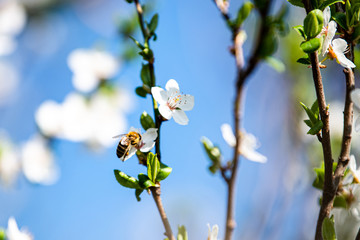bee on spring blossom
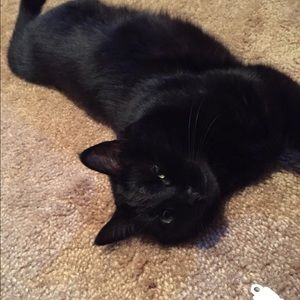 Meet your Posher, Traci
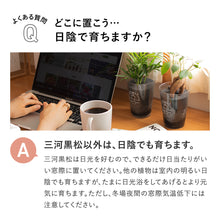 画像をギャラリービューアに読み込む, 【2026年お正月限定セット】テーブルプランツ黒松&amp;バンブーセット ※土を使わない観葉植物
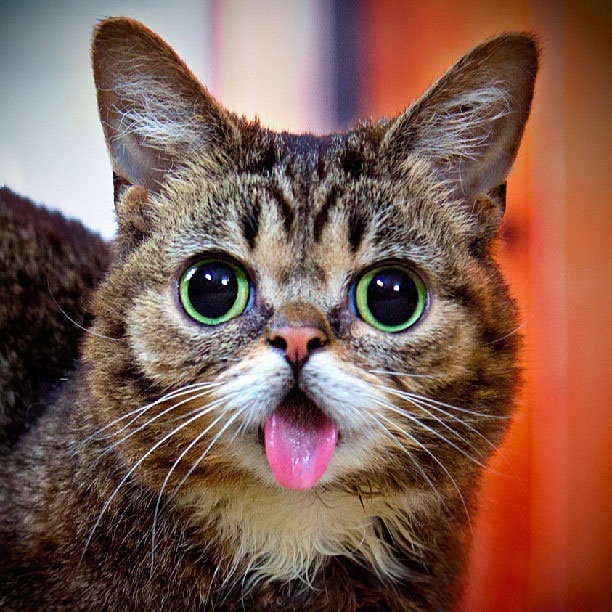 This Cat Loves to Stick its Tongue Out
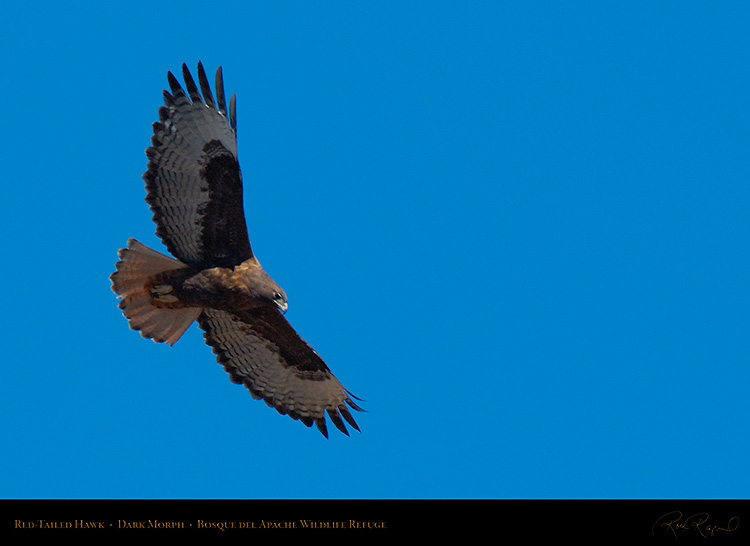 DarkMorph_Red-Tailed_Hawk_X6645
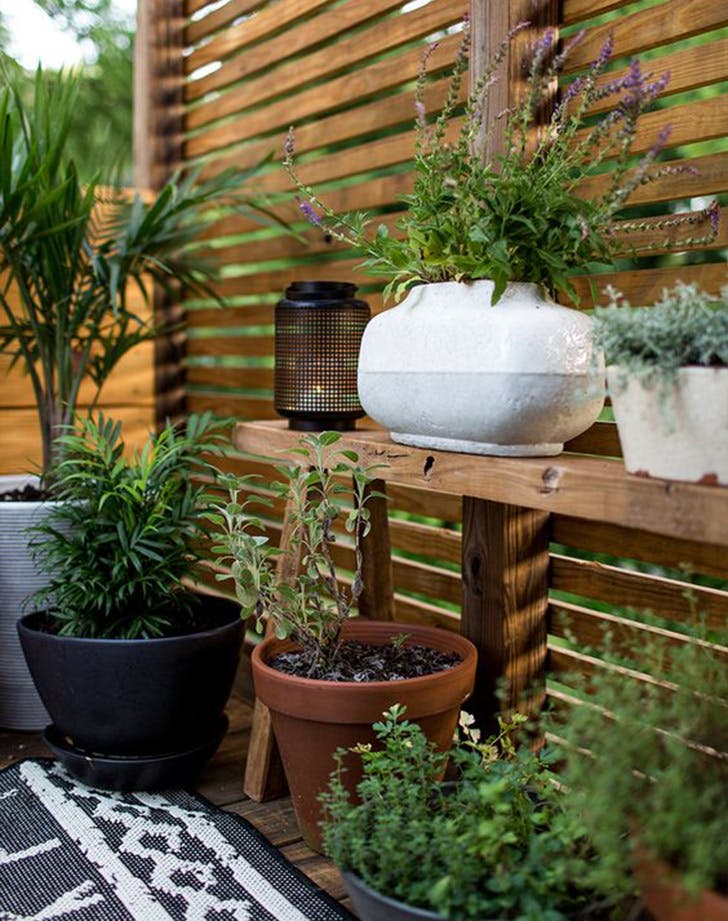 X mód, ahogy megőrizheted a kerted privát szféráját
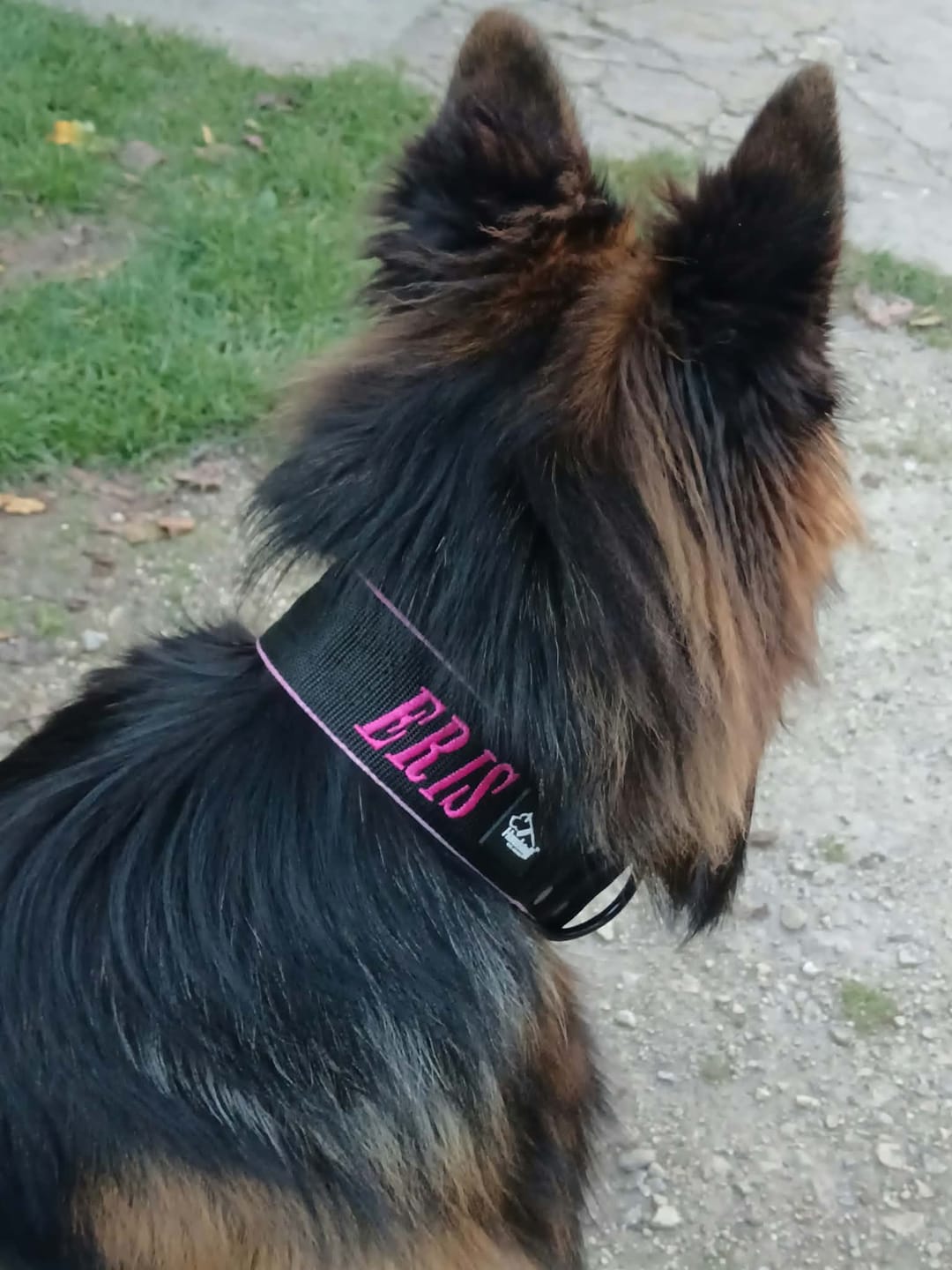 Customer photo review of Obroża dla psa z imieniem - Personal Extreme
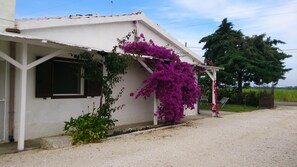 Terrain de l’hébergement 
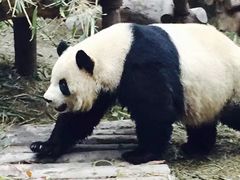 -成都动物园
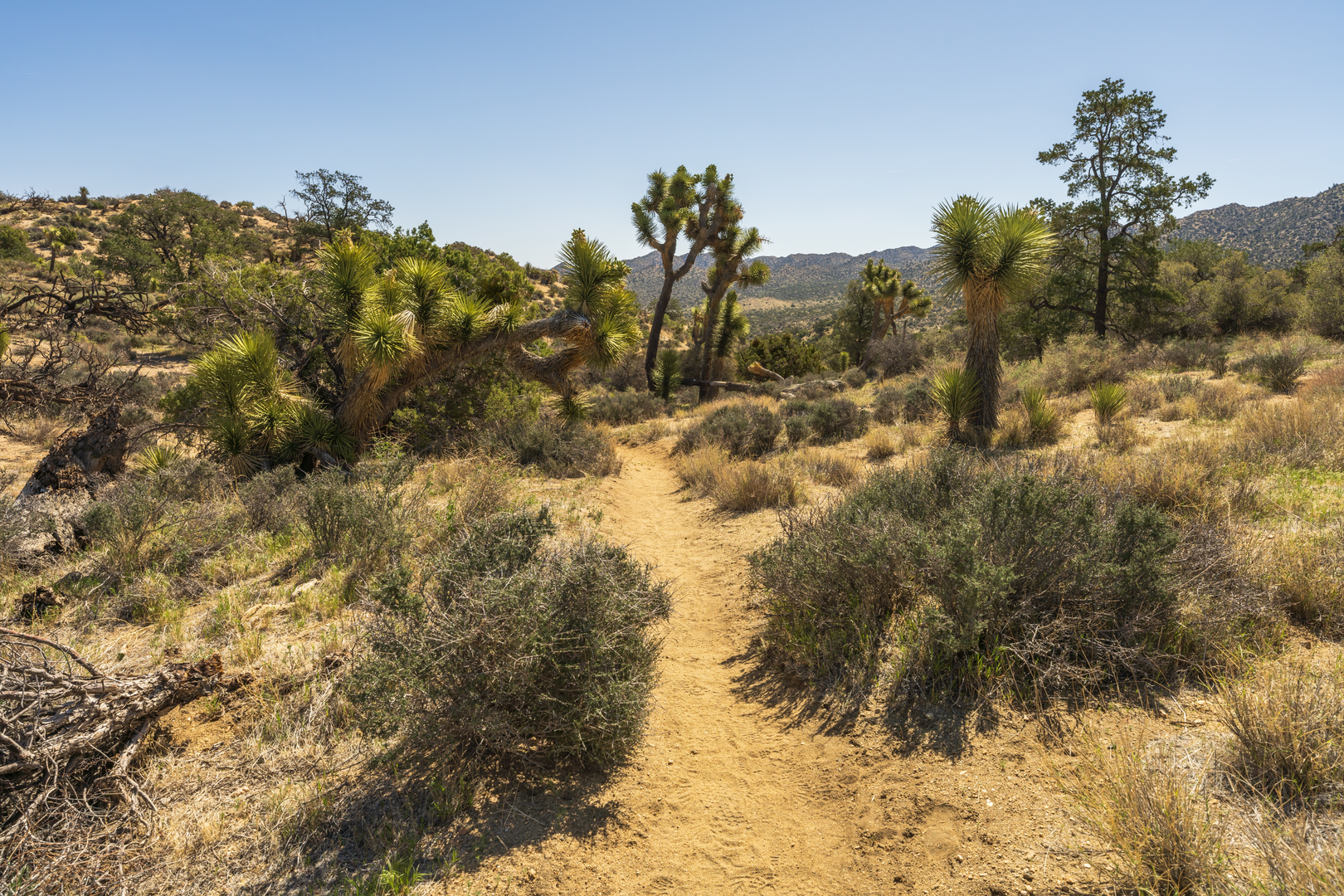 An image depicting the trail Cactus Loop Trail and its surrounding area.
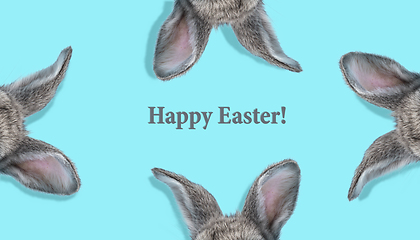 Image showing Adorable Easter bunny isolated on blue studio background, flyer, greeting card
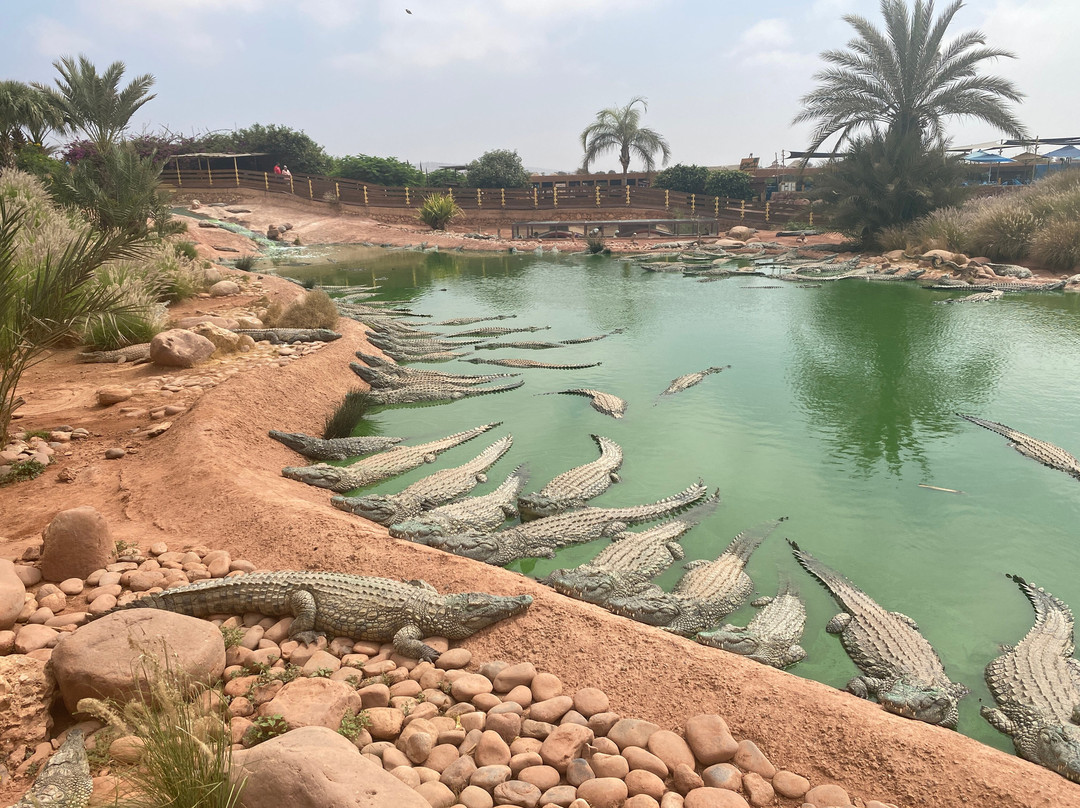 Agadir Atlantic Excursion-阿加迪尔必去景点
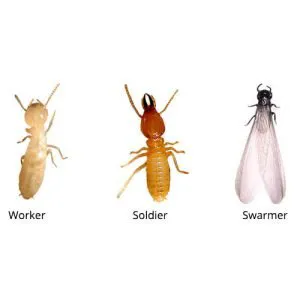 Professional Bug Solutions Picture 9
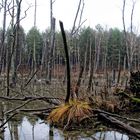 mystical forest 5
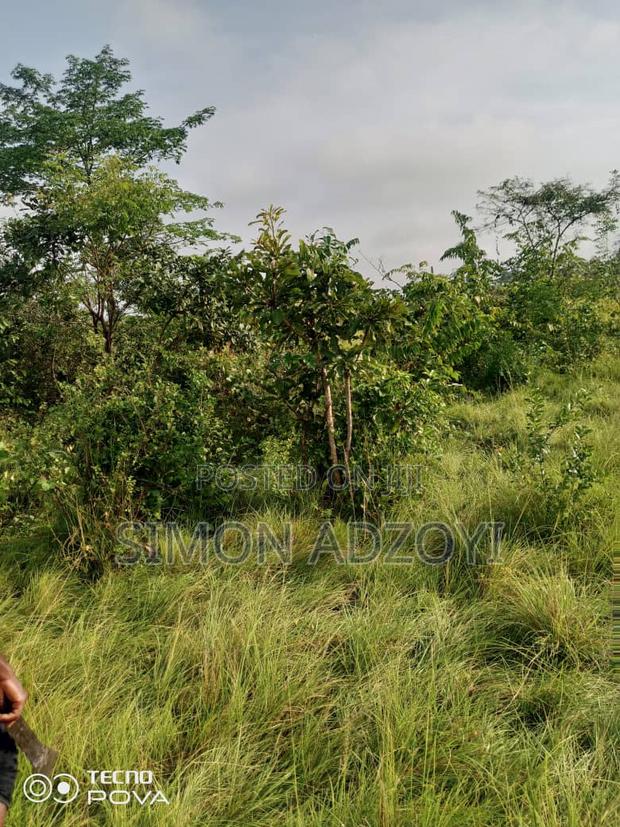 130,000 Acres of Farm Land for Sale or Lease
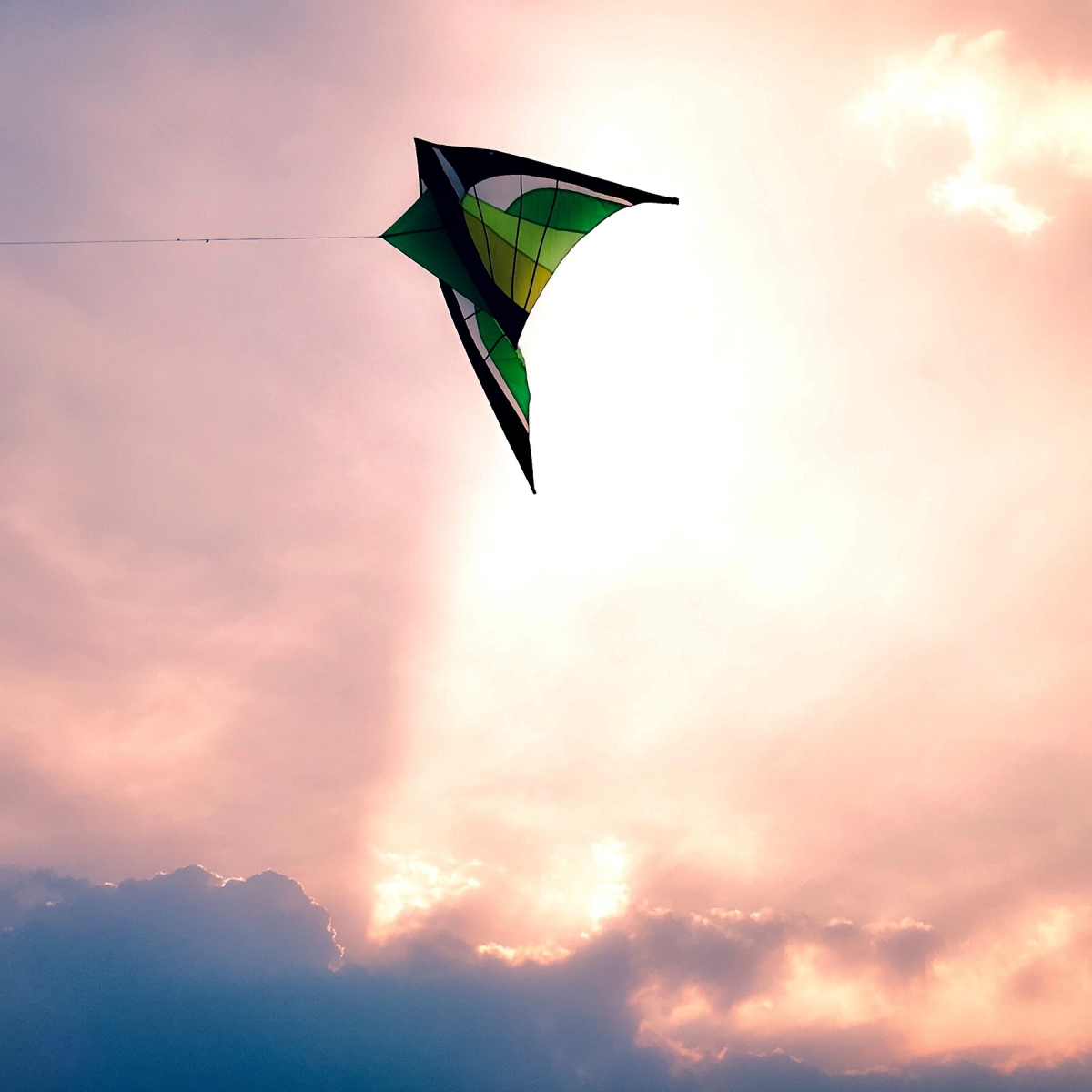 Kite in the sky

■ BRIEF ■
All of the data must be repeated exactly, except for the pictures.

■ RESULT OF THIS EXERCISE ■
bee on spring blossom
 Meet your Posher, Traci
 画像をギャラリービューアに読み込む, 【2026年お正月限定セット】テーブルプランツ黒松&amp;バンブーセット ※土を使わない観葉植物
 This Cat Loves to Stick its Tongue Out
 DarkMorph_Red-Tailed_Hawk_X6645
 X mód, ahogy megőrizheted a kerted privát szféráját
 Customer photo review of Obroża dla psa z imieniem - Personal Extreme
 Terrain de l’hébergement 
 -成都动物园
 An image depicting the trail Cactus Loop Trail and its surrounding area.
 Image showing Adorable Easter bunny isolated on blue studio background, flyer, greeting card
 Agadir Atlantic Excursion-阿加迪尔必去景点
 Professional Bug Solutions Picture 9
 mystical forest 5
 130,000 Acres of Farm Land for Sale or Lease
 Kite in the sky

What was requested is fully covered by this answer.